* **What you are asked to do**
Every line below is to be given again precisely; images are to be left out.

* **Data extract**

☆ ☆ ☆ ☆ ☆ ☆ ☆

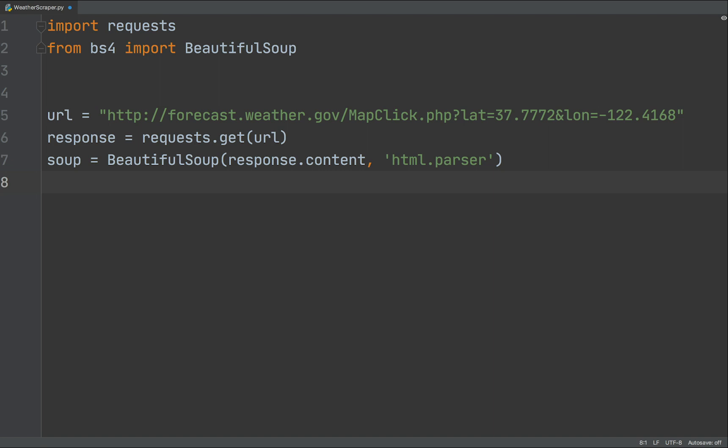Creating BeautifulSoup object requires the content of a response object. In this case, we want the HTML content of the response object we created. We also must provide a string for the name of a parser that iterates over the HTML.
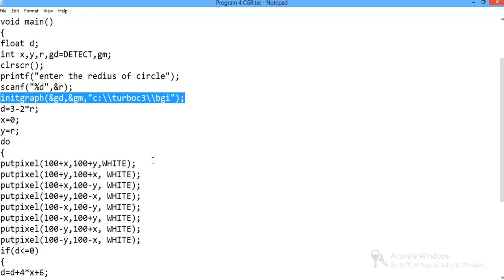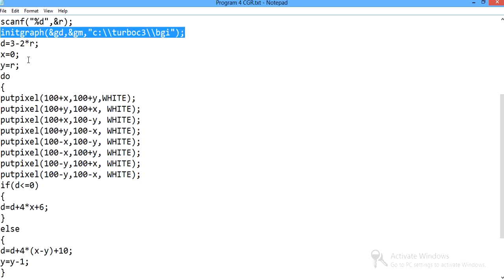BGI stands for Borland Graphics Interface. Then d is equal to 3 minus 2r — d is the decision parameter, and the formula is 3 minus 2 into r. Initially we set x to 0 and y is equal to r, so y represents the position set to the radius r.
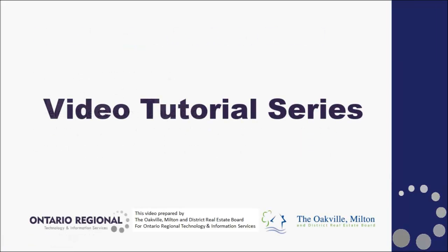Thank you for watching this video in the matrix video tutorial series. If you have any questions about this feature or any other matrix features, please contact your friendly board staff.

☆ ☆ ☆ ☆ ☆ ☆ ☆

* **Finished exercise**
Creating BeautifulSoup object requires the content of a response object. In this case, we want the HTML content of the response object we created. We also must provide a string for the name of a parser that iterates over the HTML.
BGI stands for Borland Graphics Interface. Then d is equal to 3 minus 2r — d is the decision parameter, and the formula is 3 minus 2 into r. Initially we set x to 0 and y is equal to r, so y represents the position set to the radius r.
Thank you for watching this video in the matrix video tutorial series. If you have any questions about this feature or any other matrix features, please contact your friendly board staff.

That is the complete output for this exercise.